Commencement Information
I3S. 7 in force at 1.9.2004, see s. 7(9)
Before section 2A(2) of the Hydrocarbon Oil Duties Act 1979 (c. 5) (power to amend definitions) insert—
“(1C)The Treasury may by order made by statutory instrument amend the definition for the purposes of section 11 of “fuel oil”.”
(1)For section 20AAA of the Hydrocarbon Oil Duties Act 1979 (mixing of rebated oil) substitute—
(1)A duty of excise shall be charged on a mixture which is—
(a)produced by mixing fully rebated heavy oil with heavy oil which is not fully rebated, and
(b)supplied for use as fuel for any engine, motor or other machinery.
(2)A duty of excise shall be charged on a mixture which is—
(a)produced by mixing partially rebated heavy oil with heavy oil which is not partially rebated, and
(b)supplied for use as fuel for any engine, motor or other machinery;
but a mixture on which duty is charged under subsection (1) shall not be charged under this subsection.
(3)A duty of excise shall be charged on a mixture which is produced by mixing—
(a)fully or partially rebated heavy oil, with
(b)biodiesel or a substance containing biodiesel.
(4)The rate of duty on a mixture under subsection (1) or (2) shall be—
(a)in the case of a mixture supplied for use as fuel for a road vehicle, the rate of duty specified in section 6(1A)(d) (general rate for heavy oil), and
(b)in any other case, equivalent to the rate of rebate specified in section 11(1)(b) (general rate for gas oil).
(5)The rate of duty on a mixture under subsection (3) shall be the rate of duty specified in section 6(1A)(d).
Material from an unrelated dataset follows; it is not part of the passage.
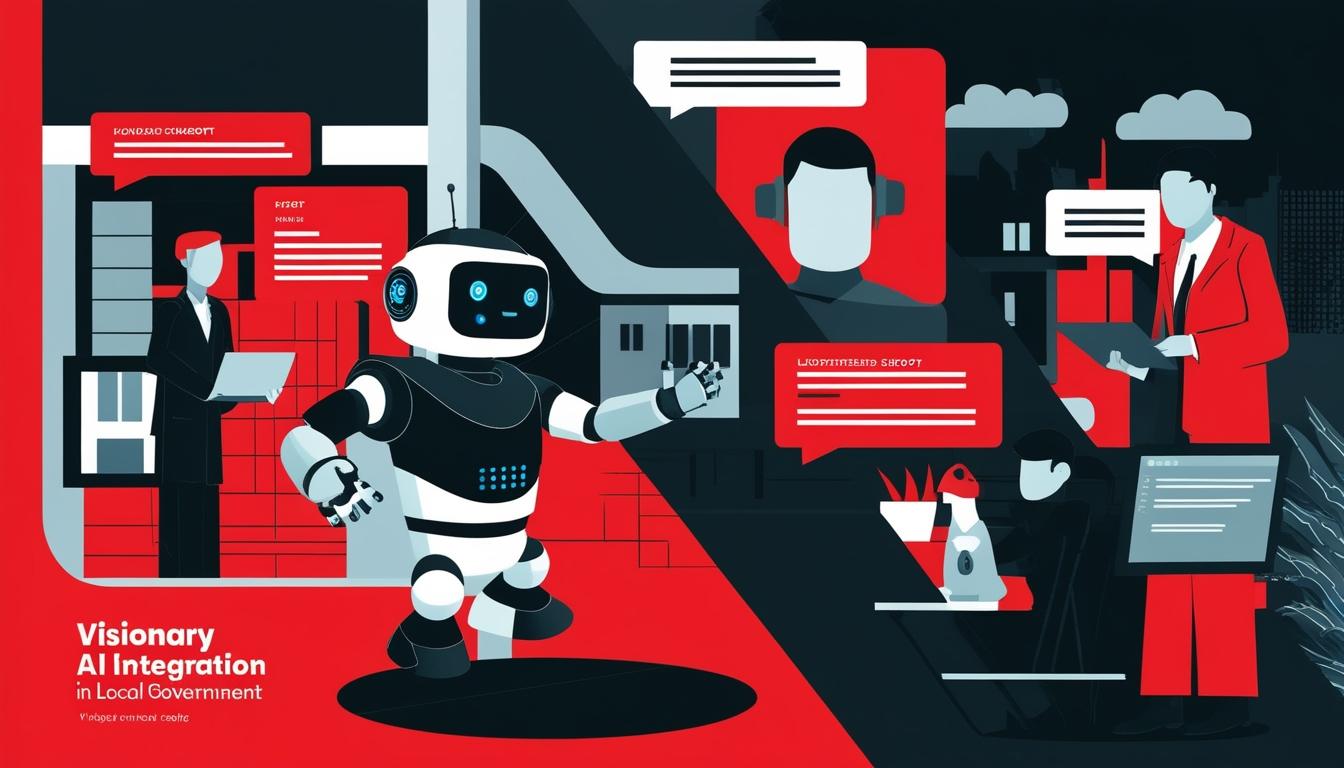 Local governments explore AI integration for enhanced services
(6)For the purposes of this section—
(a)oil is fully rebated if a rebate has been allowed in respect of it under section 11(1)(c) (general rebate for heavy oil),
(b)oil is partially rebated if a rebate has been allowed in respect of it under any other provision of section 11 or under section 13AA, and
(c)a reference to mixing is a reference to non-approved mixing (within the meaning given by section 20A(5)).
(7)The person liable to pay duty charged under this section on supply or production of a mixture is the person supplying or producing the mixture.
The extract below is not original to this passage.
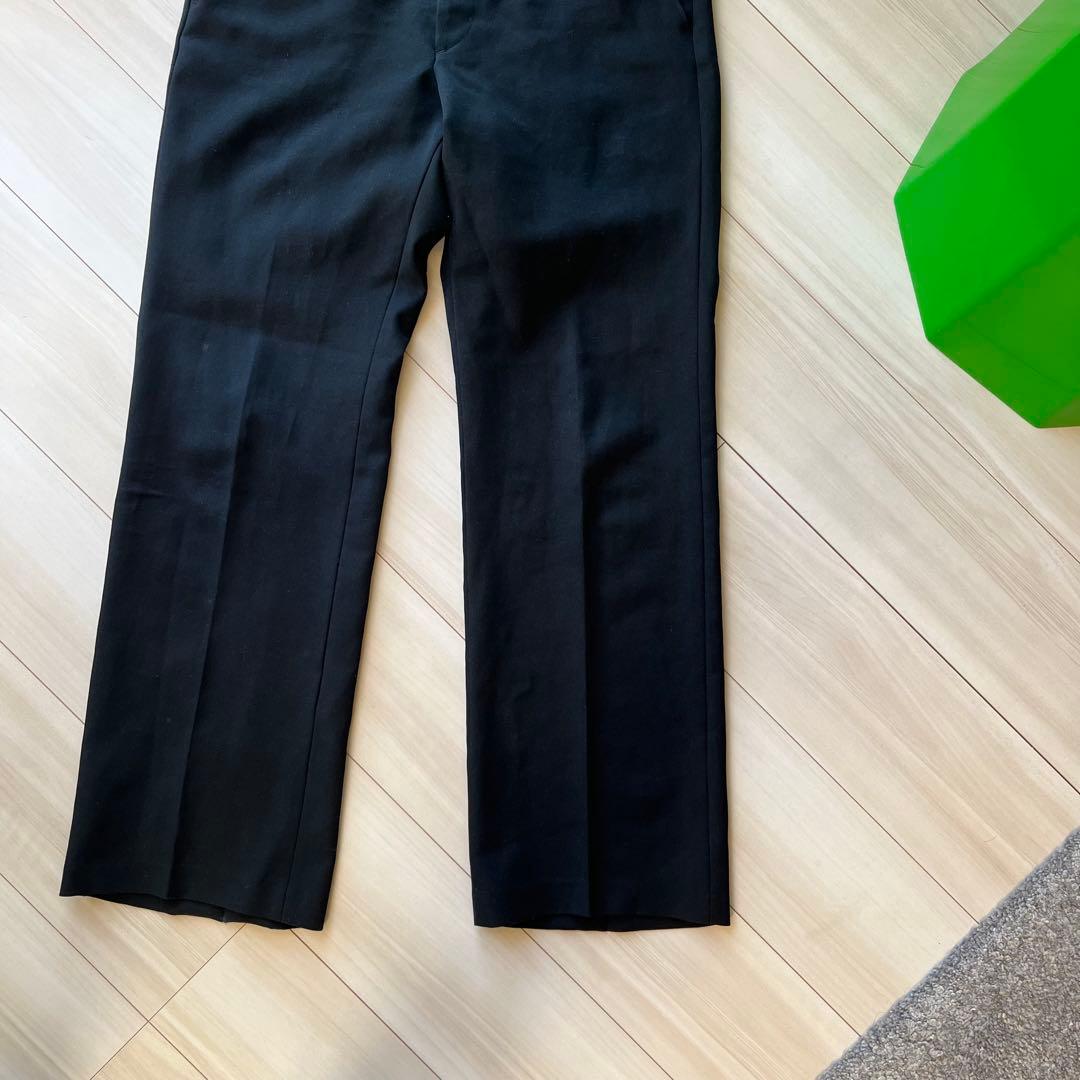 希少 w34 ブラック ヴィンテージ リーバイス アクションスラックス OVY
(8)Where duty under a provision of this Act has been paid on an ingredient of a mixture, the duty charged under this section shall be reduced by the amount of any duty that the Commissioners are satisfied has been paid on the ingredient (but not to a negative amount).
(9)The Commissioners may exempt a person from liability to pay duty under any provision of this Act in respect of production or supply of a mixture of a kind described in subsection (1)(a), (2)(a) or (3) if satisfied that—
(a)the liability was incurred accidentally, and
(b)in the circumstances the person should be exempted.”
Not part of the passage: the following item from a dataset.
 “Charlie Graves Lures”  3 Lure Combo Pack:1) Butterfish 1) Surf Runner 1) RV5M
(2)In section 20AAB of that Act (mixing of rebated oil: supplementary)—
(a)for subsections (1) and (2) substitute—
“(1)A person who supplies or produces a mixture on which duty is charged under section 20AAA above must notify the Commissioners of the supply or production—
(a)in advance, or
(b)within the period of seven days beginning with the date of supply or production.”, and
(b)in subsection (3) omit “or (2)”.
(3)Schedule 2A to that Act shall cease to have effect.
(4)This section—
(a)in so far as it imposes or relates to the charge specified in section 20AAA(1) or (2) of that Act (as substituted by subsection (1) above), shall have effect in relation to anything supplied on or after the date on which this Act is passed,
(b)in so far as it imposes or relates to the charge specified in section 20AAA(3) of that Act (as substituted by subsection (1) above), shall have effect in relation to anything produced on or after the date on which this Act is passed, and
(c)in so far as it causes sections 20AAA and 20AAB(1) and (2) of, and Schedule 2A to, that Act to cease to have effect in their present form, shall come into force on the day on which this Act is passed.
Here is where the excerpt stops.